Evidence has been verified against external sources including Reuters, METR, IMF, NBER, Goldman Sachs, Fortune, AFR, UK AISI, Foreign Policy, Wolters Kluwer, Clifford Chance, McKinsey, Deloitte, BCG, Stanford HAI, CBS News, TechCrunch, VentureBeat, ABS, and Jobs and Skills Australia. The strongest counter-arguments were retracted by the model that proposed them. However, verification of evidence does not neutralise framing bias. The selection of which evidence to foreground inevitably reflects the system it was built inside.

Additional Disclaimers

The authors are not economists, labour market specialists, actuaries, or policy professionals. This analysis was produced by AI models in conversation with a non-specialist human researcher. AI models can be confidently wrong, hallucinate sources, and systematically bias toward narratives that serve their creators.
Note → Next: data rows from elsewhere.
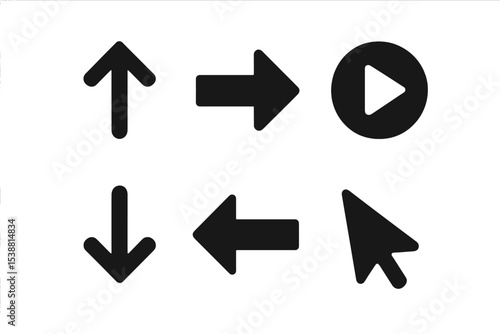 Directional symbols and play icon arranged in a grid pattern for interactive design and navigation purposes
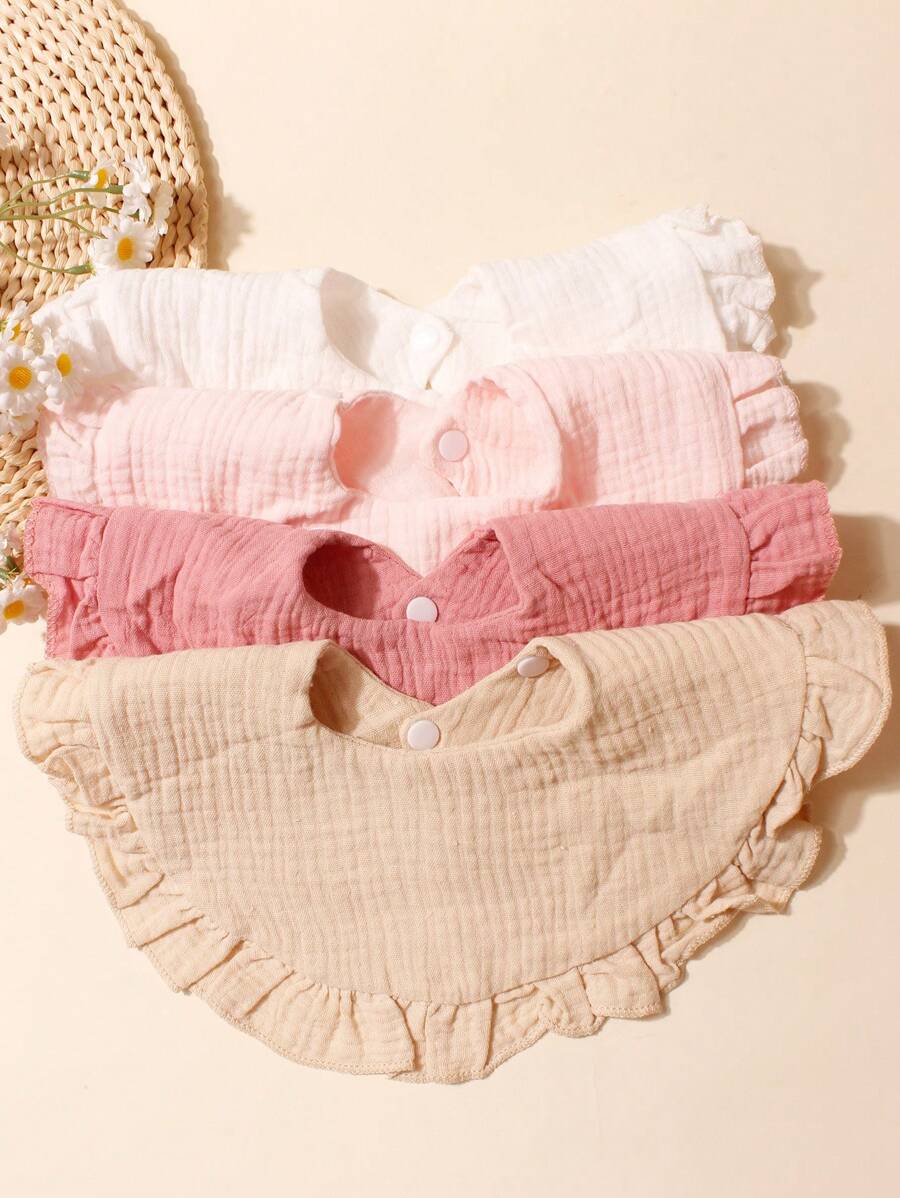 Conjunto de 4 baberos suaves de colores caramelo para bebé, apropiados para uso diario - Multicolor - Ver 1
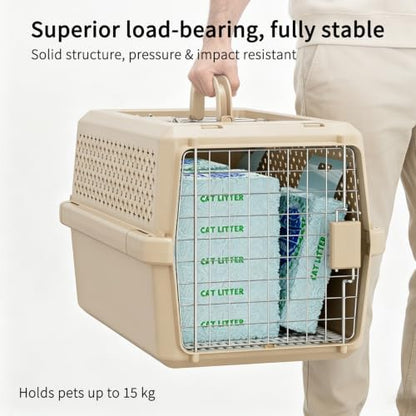 RIZZARI Beige Dog Carrier: Portable Pet Crate for Travel & Home Use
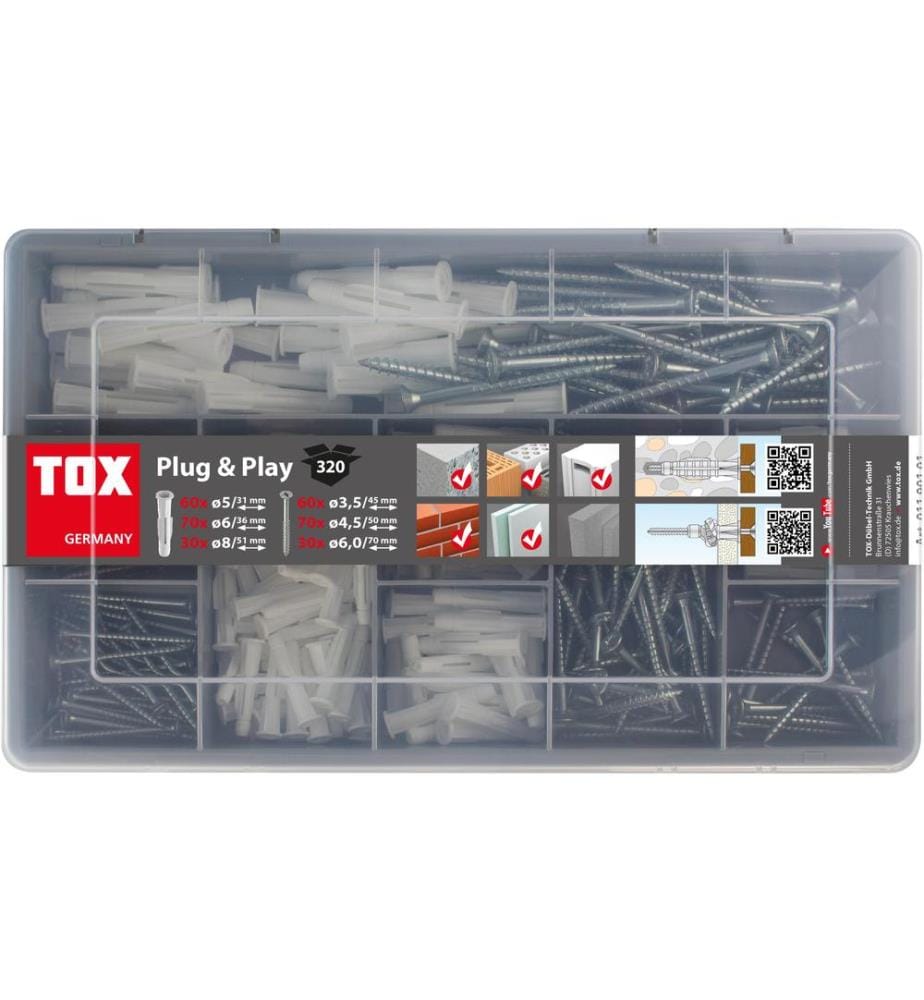 TOX-DÜBEL - Chevilles Assortiment Plug & Play 320 Pièce/s
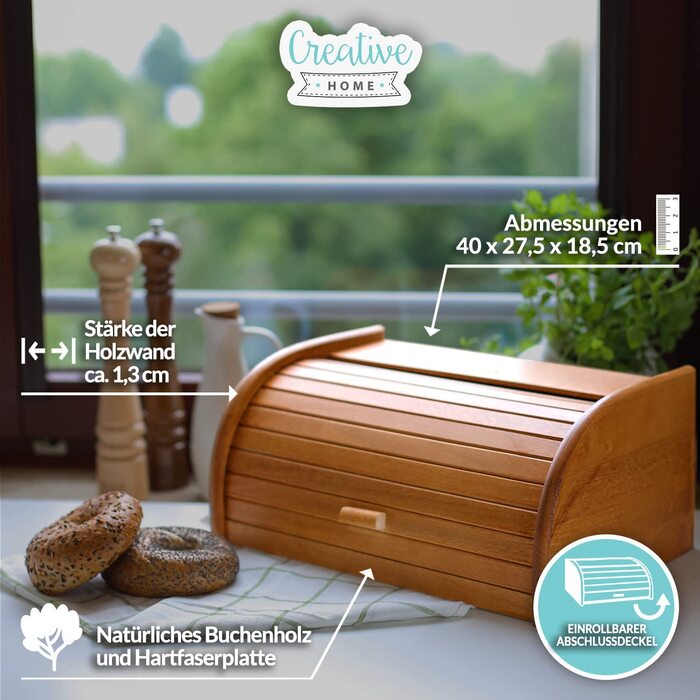 Дерев'яна хлібниця Creative Home Erle з роликовою кришкою, 38x28,5x17,5 см, натуральна, для хліба, булочок та випічки, стильна хлібна скриня для кухні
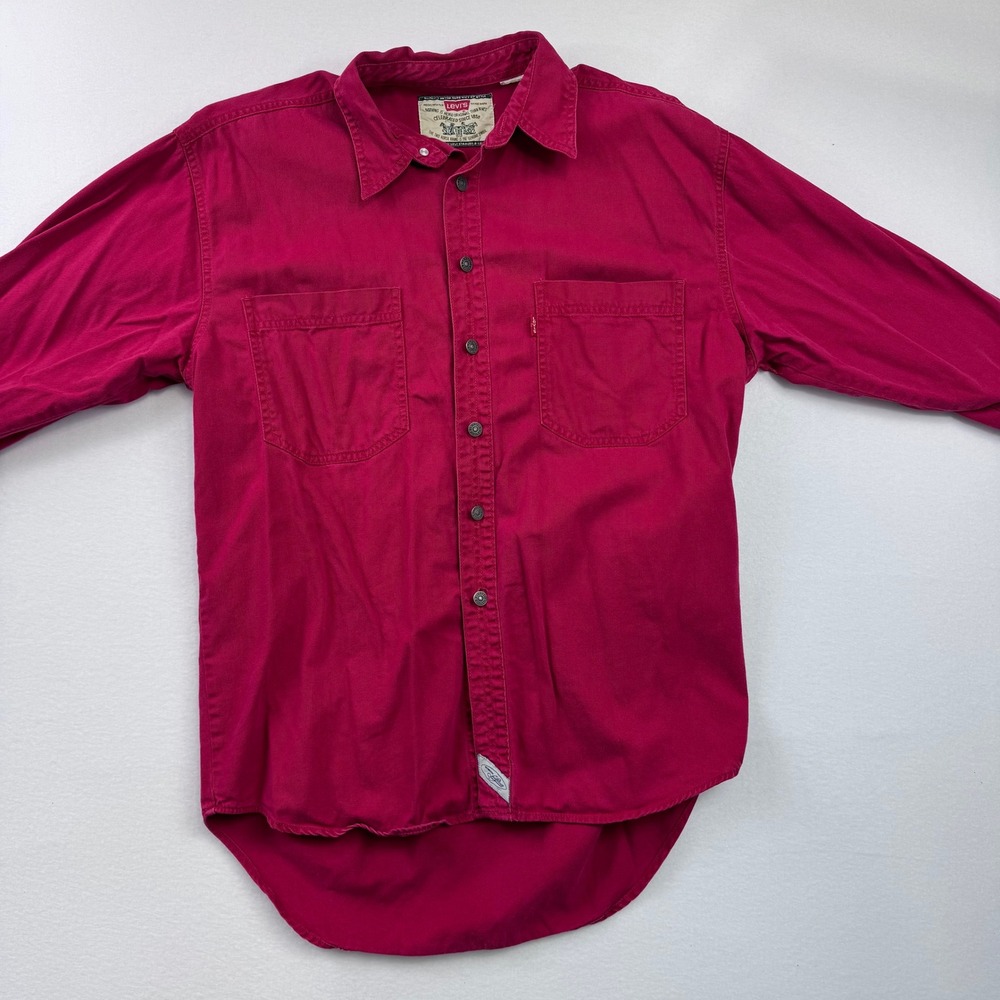 Vintage 90s Levis Mens Magenta Red Twill Button Down Shirt 60560-1385 Medium - Picture 2 of 9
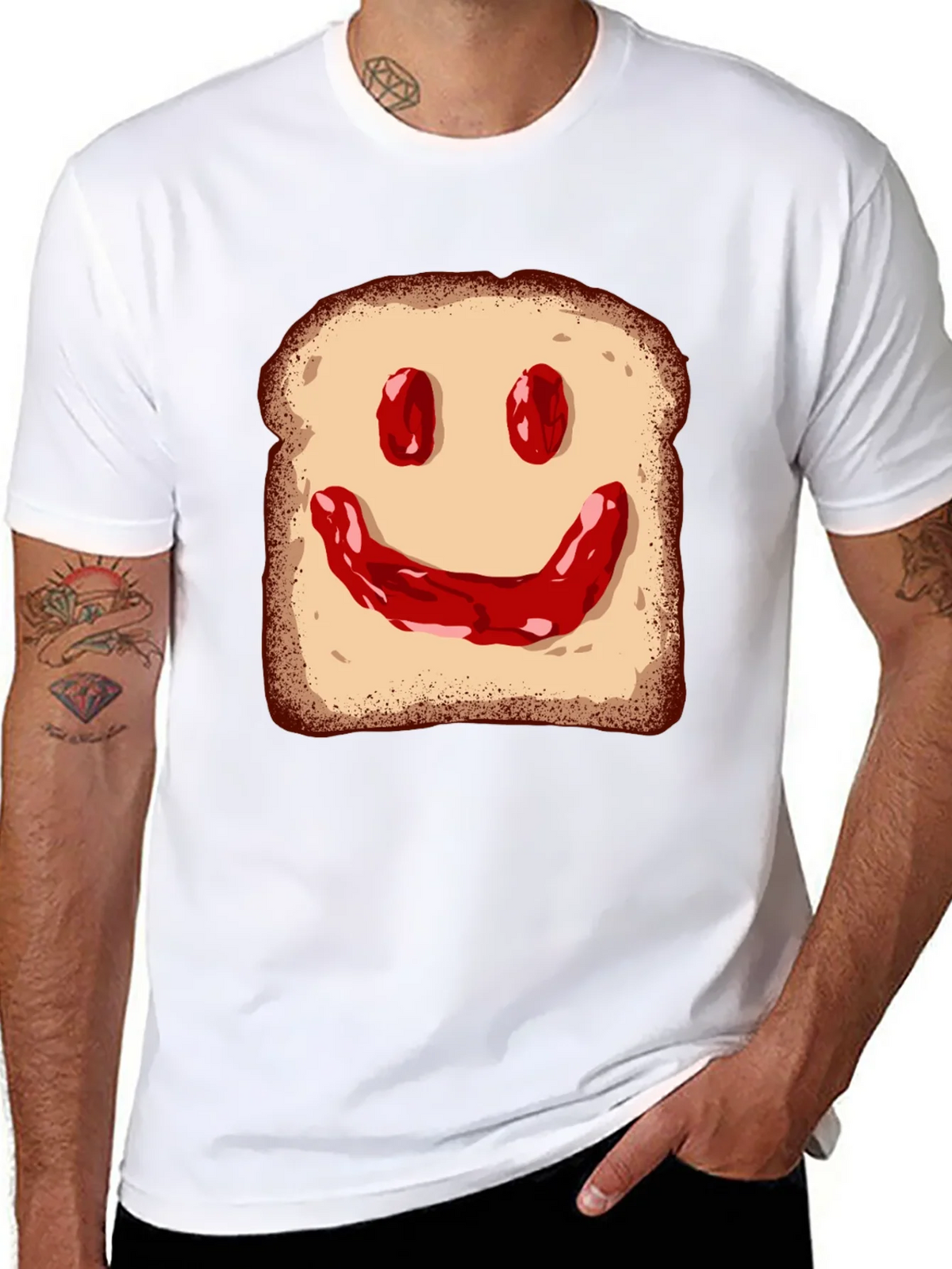 Jam on Toast Smile Graphic Tee - Black Cotton T-Shirt product image 10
Forward-looking claims about job displacement, compression ratios, and timelines are projections based on early-stage evidence, not established facts. Historical parallels are illustrative, not predictive. The "confidence score" is a subjective AI assessment, not a statistical probability.

This document is not financial, legal, investment, or professional advice. Do not make employment, investment, education, or policy decisions based solely on this analysis. Independently verify all claims.